It was an intensive session today – the underground world, cheese scones, soup (using potatoes from the school garden), apple pressing and microwave jam making.

A picture is worth a thousand words, so help yourself to a few thousand. 😉

Yes, it’s a lazy blog today…

The worms

The wormery is working. It’s a bit messy (that word again!) but it’s showing what we want it to do. Here are some pictures showing how to layer it up with soil and sand. After that you put worms in and sprinkle some dead leaves and grass on top. Slip the outer case on and let them get on with it.

The final picture shows the vertical worm tracks and if you look closely you can see some of the grass pieces have been carried down into the “earth”.
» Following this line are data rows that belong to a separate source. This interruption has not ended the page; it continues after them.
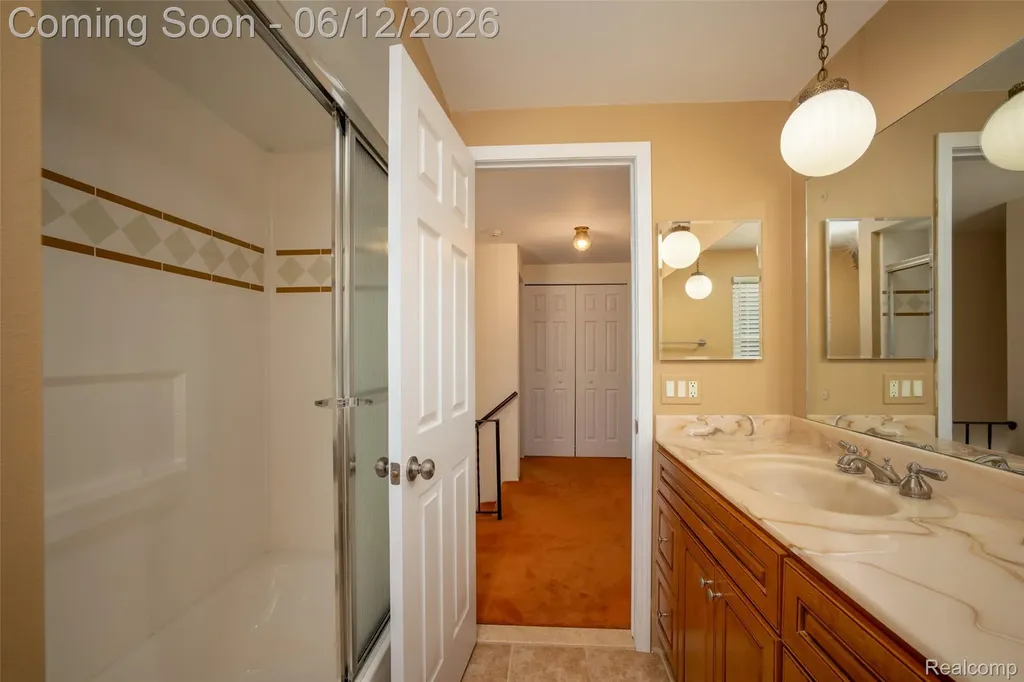18871 Comstock Street Livonia City MI 48152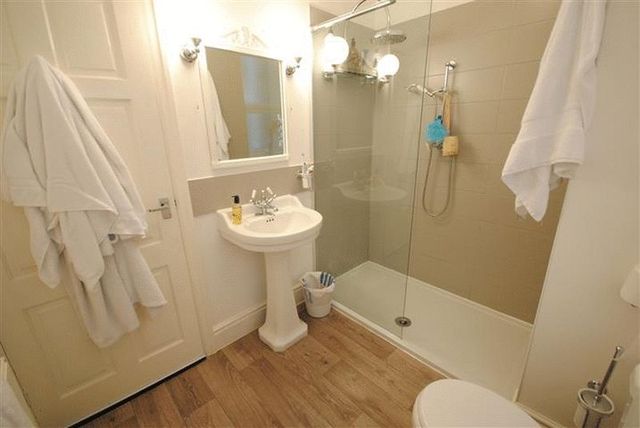  Image of 5 bedroom Semi-Detached house for sale in Long Lane Allerton Liverpool L19 at Long Lane Garston Liverpool, L19 6PQ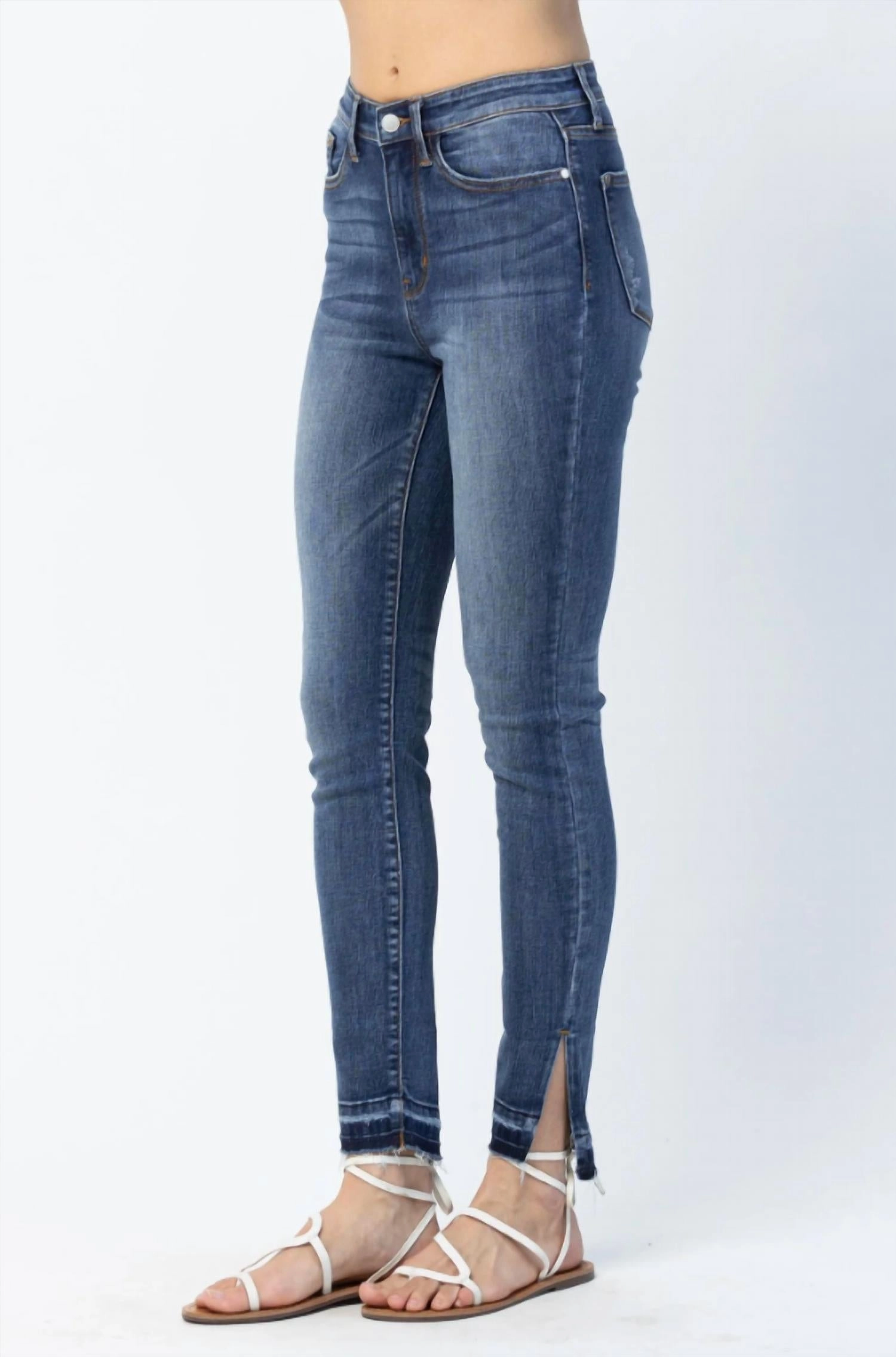Hi Waist Fray Slit Straight Leg Jeans In Vintage Wash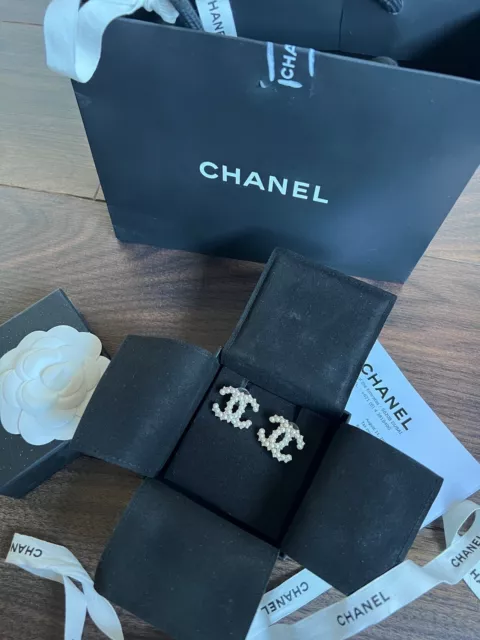 CHANEL CC PEARL Earrings Perfect Condition w Packaging and Receipt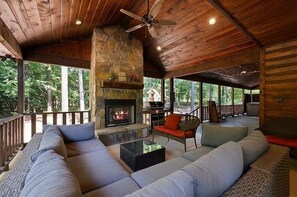 Terrace/patio - New! July 4th Getaway · Private Pool · Pickleball · Sleeps 16 · Broken Bow (Broken Bow)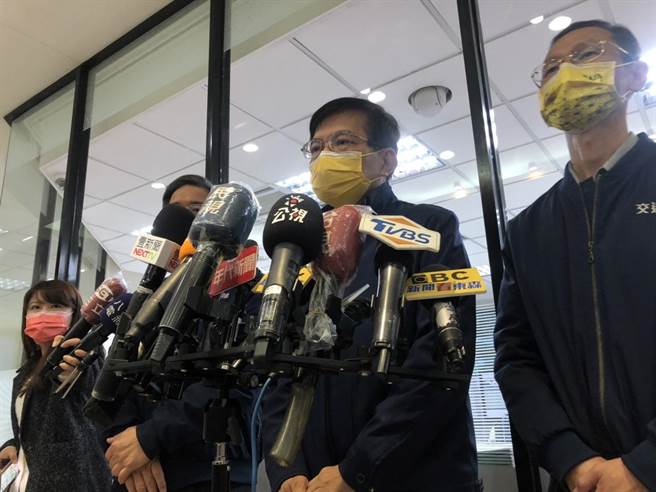 东南水泥事故引发双铁12万6旅次受影响 王国材：车站疏导要检讨。（叶德正摄）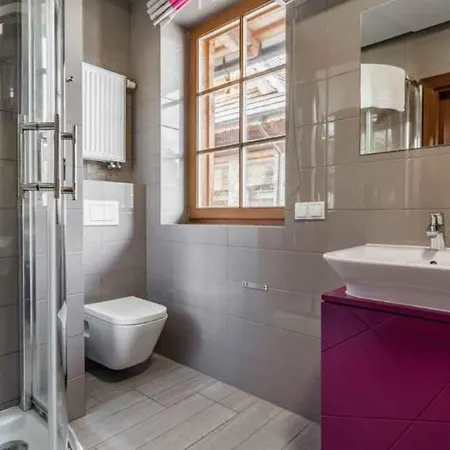 Regle Apartment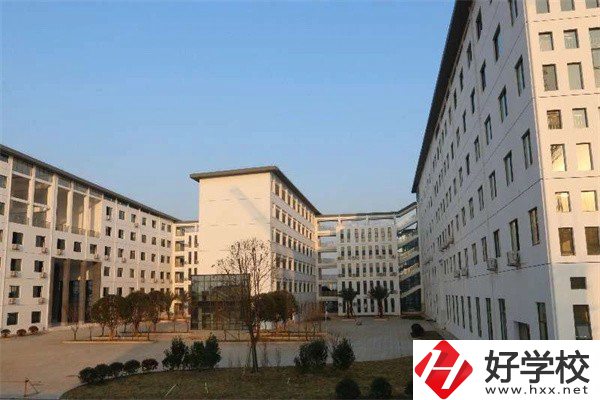衡陽(yáng)哪些中職可以學(xué)醫(yī)美專業(yè)？專業(yè)就業(yè)前景如何？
Darwin was something of a worm expert, and his book  The Formation of Vegetable Mould through the Action of Worms, with Observations of their Habits is notable for selling better than On the Origin of Species when first published.  I bought a reprint out of curiosity and found it to be more interesting than the title suggests.

One day I must try the paper triangle experiment he suggests.

 

While I remember…

My father-in-law, who reinvented himself as a humorous poet after 25 years in the Royal Navy and many more working as a physio in the NHS, wrote a poem about memory loss and senior moments. I wish I could remember it…
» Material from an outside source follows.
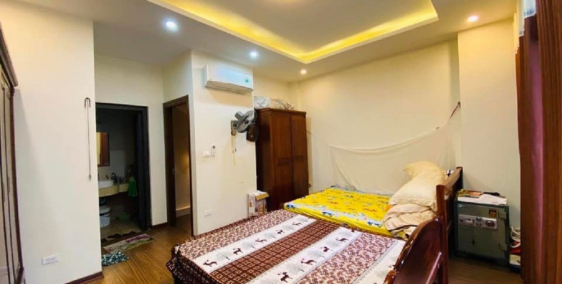 Bán nhà đường Lạc Long Quân, ngõ đẹp nhất phố, gần Hồ Tây 32m2 giá cực rẻ.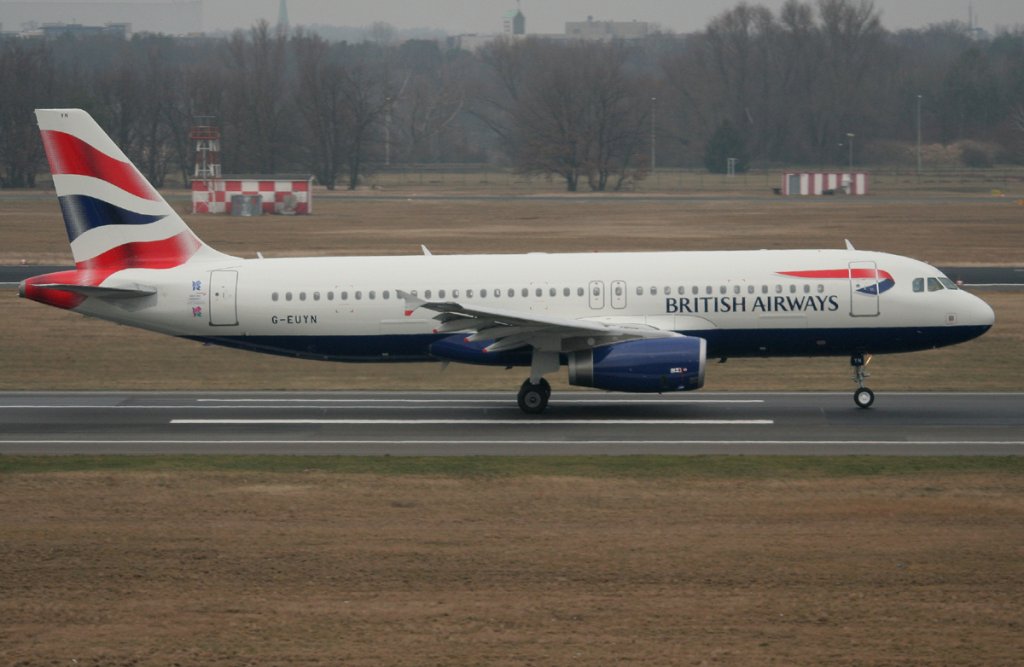 British Airways A 320-232 G-EUYN beim Start in Berlin-Tegel am 27.01.2012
I forgot to mention in my last post that I scored another pointless answer whilst watching “Pointless” on Saturday. The subject was “Wimbledon” and the answer was Minuetto Allegretto.

UK readers of a certain age are now  humming a variety of Wombles songs. The rest of you have no need to worry – you really aren’t missing anything.

I’m not sure whether to be pleased at getting a pointless answer or ashamed of the knowledge that produced it.

I had another one last night with korfball, which I feel is slightly more respectable.

I also forgot to give you the answer to my Doctor Who question from some time ago. The question was along the lines of what have Doctor Who and Wakefield Trinity got in common (apart from the fact that they both used to be better when I was younger).

The answer is contained in the film This Sporting Life, where William Hartnell first came to the attention of Verity Lambert. When she was casting for Doctor Who, she remembered him. Last time I was there his picture was still in one of the film stills on the stairway in the main stand.

The photograph shows one of the cockerels in the yard. Most of the poultry is being rounded up and sent to market next Monday. They cost money to feed and they make the place look untidy. Those, according to the way the place is now being run, are undesirable qualities.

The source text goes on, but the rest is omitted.